Martin Hoffmann wrote:
>> * Martin points out the importance of the flexibility of ser.cfg in
>> supporting various network designs and "ways of doing it". This is true,
>> and I fully agree. However, the "valid" or "appropriate" designs to use
>> DO have constraints, both in SER design, available modules, as well as
>> in ser.cfg language itself.
>>
>
> The biggest problem is that you can easily configure SER in such a way,
> that it isn't actually a SIP proxy as per The Standard. This may happen
> on purpose (nathelper being the obvious example). But some of the
> questions on seruser indicate that people "just do stuff" and wonder why
> it breakes.
>
Yes, I totally agree. That's why one of my dearest projects is creating
best practice scenarios and corresponding configs that actually work and
do follow the standards. It is much easier to adapt a good ser.cfg than
to build an RFC-compliant one from scratch.
>> Thus, the flexibility of ser.cfg that
>> enables professionals to tune SER, is a curse to others, less experienced.

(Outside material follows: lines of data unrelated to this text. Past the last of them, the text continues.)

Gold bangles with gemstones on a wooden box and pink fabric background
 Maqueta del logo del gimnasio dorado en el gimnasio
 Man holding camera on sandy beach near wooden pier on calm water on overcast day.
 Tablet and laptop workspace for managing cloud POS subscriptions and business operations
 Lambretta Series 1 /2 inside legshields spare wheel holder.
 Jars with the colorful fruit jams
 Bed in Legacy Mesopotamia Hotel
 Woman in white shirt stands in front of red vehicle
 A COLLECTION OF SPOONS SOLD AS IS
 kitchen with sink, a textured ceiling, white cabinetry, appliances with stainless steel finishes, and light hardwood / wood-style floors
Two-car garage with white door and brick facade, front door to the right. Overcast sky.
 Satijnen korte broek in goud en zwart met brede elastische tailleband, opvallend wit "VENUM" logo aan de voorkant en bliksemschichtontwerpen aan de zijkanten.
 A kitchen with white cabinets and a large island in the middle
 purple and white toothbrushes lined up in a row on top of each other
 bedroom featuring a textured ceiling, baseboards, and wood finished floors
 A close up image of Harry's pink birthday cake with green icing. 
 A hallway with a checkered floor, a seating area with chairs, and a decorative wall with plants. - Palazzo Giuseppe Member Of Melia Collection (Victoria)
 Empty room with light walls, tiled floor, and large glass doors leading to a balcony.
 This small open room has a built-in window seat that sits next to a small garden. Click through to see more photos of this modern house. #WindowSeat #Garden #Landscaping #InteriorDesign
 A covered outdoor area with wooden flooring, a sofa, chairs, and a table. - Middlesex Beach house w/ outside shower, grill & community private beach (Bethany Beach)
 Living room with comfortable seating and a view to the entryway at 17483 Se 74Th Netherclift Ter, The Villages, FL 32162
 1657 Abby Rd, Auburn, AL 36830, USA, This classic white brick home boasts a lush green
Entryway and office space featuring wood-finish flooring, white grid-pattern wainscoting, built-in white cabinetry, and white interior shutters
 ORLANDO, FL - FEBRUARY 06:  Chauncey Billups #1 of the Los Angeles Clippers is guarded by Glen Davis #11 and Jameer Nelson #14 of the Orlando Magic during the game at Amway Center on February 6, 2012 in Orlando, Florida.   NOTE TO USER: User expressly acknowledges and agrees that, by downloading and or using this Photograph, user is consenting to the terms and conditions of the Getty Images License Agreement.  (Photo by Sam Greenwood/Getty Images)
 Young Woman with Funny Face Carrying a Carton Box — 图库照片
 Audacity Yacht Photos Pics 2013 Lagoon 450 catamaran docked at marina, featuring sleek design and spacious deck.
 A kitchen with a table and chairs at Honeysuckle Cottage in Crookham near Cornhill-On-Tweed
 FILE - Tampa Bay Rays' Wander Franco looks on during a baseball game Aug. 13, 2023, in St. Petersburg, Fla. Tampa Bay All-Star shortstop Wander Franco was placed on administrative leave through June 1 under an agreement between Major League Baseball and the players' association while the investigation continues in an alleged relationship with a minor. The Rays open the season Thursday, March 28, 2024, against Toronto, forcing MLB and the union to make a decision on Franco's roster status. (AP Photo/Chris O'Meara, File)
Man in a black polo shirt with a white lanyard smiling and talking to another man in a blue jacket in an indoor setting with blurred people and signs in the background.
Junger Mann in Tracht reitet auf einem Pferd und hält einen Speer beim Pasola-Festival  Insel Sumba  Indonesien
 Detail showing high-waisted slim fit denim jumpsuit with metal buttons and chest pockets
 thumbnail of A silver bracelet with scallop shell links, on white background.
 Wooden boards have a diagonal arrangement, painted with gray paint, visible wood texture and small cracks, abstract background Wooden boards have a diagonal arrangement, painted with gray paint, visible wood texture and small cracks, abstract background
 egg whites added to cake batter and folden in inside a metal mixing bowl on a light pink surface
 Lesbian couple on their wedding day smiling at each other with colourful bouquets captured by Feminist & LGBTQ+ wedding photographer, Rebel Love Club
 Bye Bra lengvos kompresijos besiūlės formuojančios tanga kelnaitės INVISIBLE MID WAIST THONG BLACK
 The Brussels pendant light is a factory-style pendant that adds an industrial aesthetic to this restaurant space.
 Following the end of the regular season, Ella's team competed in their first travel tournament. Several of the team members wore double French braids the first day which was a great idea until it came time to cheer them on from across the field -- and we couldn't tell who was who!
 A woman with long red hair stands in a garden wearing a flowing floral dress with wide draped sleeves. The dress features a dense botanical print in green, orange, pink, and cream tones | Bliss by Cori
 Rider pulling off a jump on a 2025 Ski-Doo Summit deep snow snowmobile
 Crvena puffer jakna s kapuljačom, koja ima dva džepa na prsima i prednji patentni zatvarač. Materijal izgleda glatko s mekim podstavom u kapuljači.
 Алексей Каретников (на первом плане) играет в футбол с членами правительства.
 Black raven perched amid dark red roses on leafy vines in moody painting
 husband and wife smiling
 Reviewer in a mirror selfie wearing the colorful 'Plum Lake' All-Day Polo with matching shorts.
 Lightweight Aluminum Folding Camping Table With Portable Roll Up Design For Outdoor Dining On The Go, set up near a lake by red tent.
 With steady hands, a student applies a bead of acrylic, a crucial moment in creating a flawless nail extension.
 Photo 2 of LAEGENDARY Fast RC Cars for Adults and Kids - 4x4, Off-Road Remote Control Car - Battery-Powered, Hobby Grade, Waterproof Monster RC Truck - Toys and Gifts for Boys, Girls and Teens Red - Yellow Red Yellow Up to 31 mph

>> Which of course leads me to the original intention of SER - Getting
>> Started configurations: create best practices for the basic tasks.
>>
>
> The way I see it, SER is a SIP proxy for professionals. This may sound
> arrogant, but you _really_ have to know what you are doing. You have to
> know SIP otherwise you will break things. Your Getting Started is a very
> valuable document on covering these things and help people climbing the
> steep parts of the learning curves. But even with those documents, the
> fact remains that SER is not the right tool for people who just want to
> have a SIP proxy for their private or SMB use. For now, there is
> Asterisk; repro is a good proper proxy that "just works".
>
Yes, you're right. It sounds sort of arrogant. ;-)
I think the discussion we should have (and it's long overdue) is "who
should SER be for?"
And I think we should argue why, put it on iptel.org (call it why/why
not SER?) and then people will be able to evaluate whether SER is the
right thing for them.
My suspicion is that SER is different things for different people, so
this might be a tricky discussion. However, unless we have the
discussion (and assuming we want a community of some sorts), wrong
people will enter the community, push things in the wrong direction, get
frustrated, frustrate others, and then leave saying bad things.
> Open source software is in the fortunate position that it doesn't need
> to be sold. It can afford to serve a niche. In this light, the SER
> community can afford to be honest and tell some people "SER isn't the
> right tool for you (and no, OpenSER isn't either)".
>
:-) In fact, to me, OpenSER seems to pretend that it is all things to
all people. That may work for a while (and in fact, maybe we should send
some people to OpenSER...) IMHO, it seems that OpenSER is going in the
opposite direction of SER by introducing all sorts of "special case"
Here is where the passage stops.